Sua mãe era pinscher, seu pai yorkshire. Herdou a altura da mãe e uma tentativa de pelos do pai, o resultado de pouca beleza, talvez tenha sido o motivo de ter sido a primeira a ser dada. Minha mãe sempre achou nossa casa pequena demais para ter cachorro, eu e meus irmãos pequenos demais para termos responsabilidades, cachorros atentados demais para nossa casa arrumada. Com 12 anos de idade eu achava que ela nunca mais mudaria de ideia até vê-la chegando com aquela filhotinha enrolada num pano. Ela era tão pequena, que não era de espaço que ela precisava, era de cuidado. E por mais que fossemos desatentos naturalmente aquele novo membro da família nos tornaria mais velhos.

Foi batizada como pipa em homenagem a uma mulher da tv, mas mudaram para Layka quando concluíram que pipa era nome estranho para cachorro. 

No dia em que chegou, fiquei sentado no quintal por mais de uma hora, observando-a e esperando que ela comesse a comida ou brincasse com os brinquedos, mas ela nada fazia. De dentro da sua nova casinha, esperava, desconfiada, procurando por seus pais e irmãos. Só quando me escondi que ela saiu e foi aos poucos se acostumando com seu novo lar. E a gente se acostumando a ela.

Foi a única cachorra que tive, mas para mim era diferente dos demais. Ela tinha uma necessidade de carinho absurda e nunca latia ninguém, a não ser cavalos quando passavam na rua. Parecia amar todas as pessoas instantaneamente, umas um pouco mais que outras, como a manicure de minha mãe que ela já sentia sua chegada da esquina.

No começo ela ficava presa lá fora e em alguns momentos do dia ganhava acesso a casa. Aos poucos foi conquistando a todos e a tabua que a trancava no quintal foi jogada fora dando a ela um livre acesso. Meu tio a apelidou de fortuna, pois um dizia que ganharíamos muito dinheiro com a beleza excêntrica dela. Meu amigo a apelidou de zumbi, pois falava que ela parecia cachorro de filmes de mortos vivos. Ninguém a achava bonita, mas todos a amavam. Layka era tão dócil, e de tão dócil era impossível não chama-la de laykinha, e ficou assim, no diminutivo. Era a forma mais prática de dizer que a amávamos e ela entendia.

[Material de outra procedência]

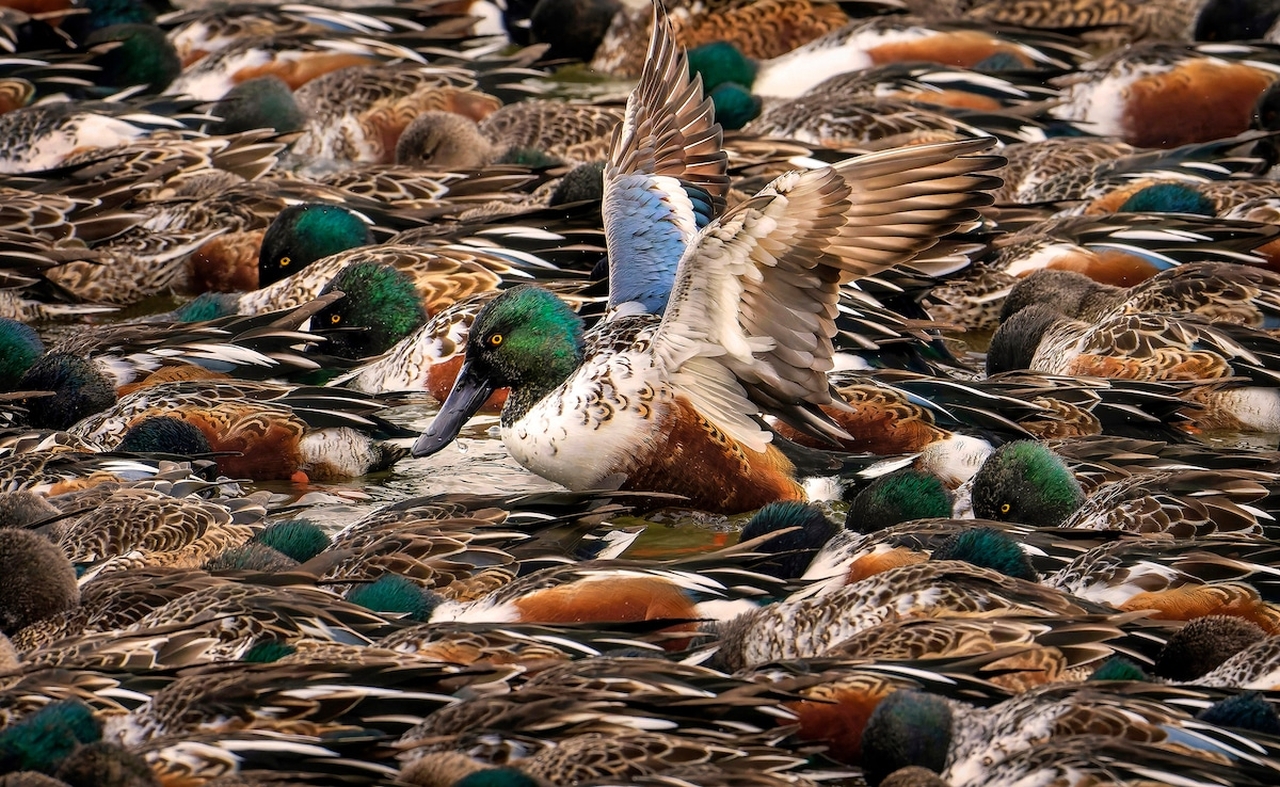 Audubon Photography Awards 2022 - Steve Jessmore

Dez anos depois, quando fui embora da minha cidade natal, eu tinha medo de ser esquecido pelas pessoas ou de chegar aqui e nada mais ser o mesmo, por isso em todas as visitas ela era a primeira a me receber na porta e eu sorria por acreditar que tudo estava igual. Ontem Layka se foi. Cheguei em casa no fim da tarde e meu irmão assustado me pediu para correr ao quintal e fazer algo por ela. Ela sem forças para levantar,  estava deitada no chão. Rodou a cabeça para me colocar em seu campo de visão dando umas piscadas lentas como se me pedisse ajuda. Eu tive meu maior momento de impotência naqueles segundos da transição entre descobrir o que fazer e entender que nada podia ser feito. Eu com meus 25 anos, passei mais tempo da vida tendo ela, que sem ela. As vezes, ouço algum barulho e ainda olho para porta esperando ela entrar, e eu mesmo preciso me lembrar que ela não está aqui. Chegou o momento de reaprender. Reaprender a despedir. O mais triste ainda, é que nas próximas visitas em casa, ninguém vai me receber correndo na porta e eu não terei mais o conforto de saber que as coisas estão em seus lugares. O fato é, que agora sem ela, elas realmente não estão.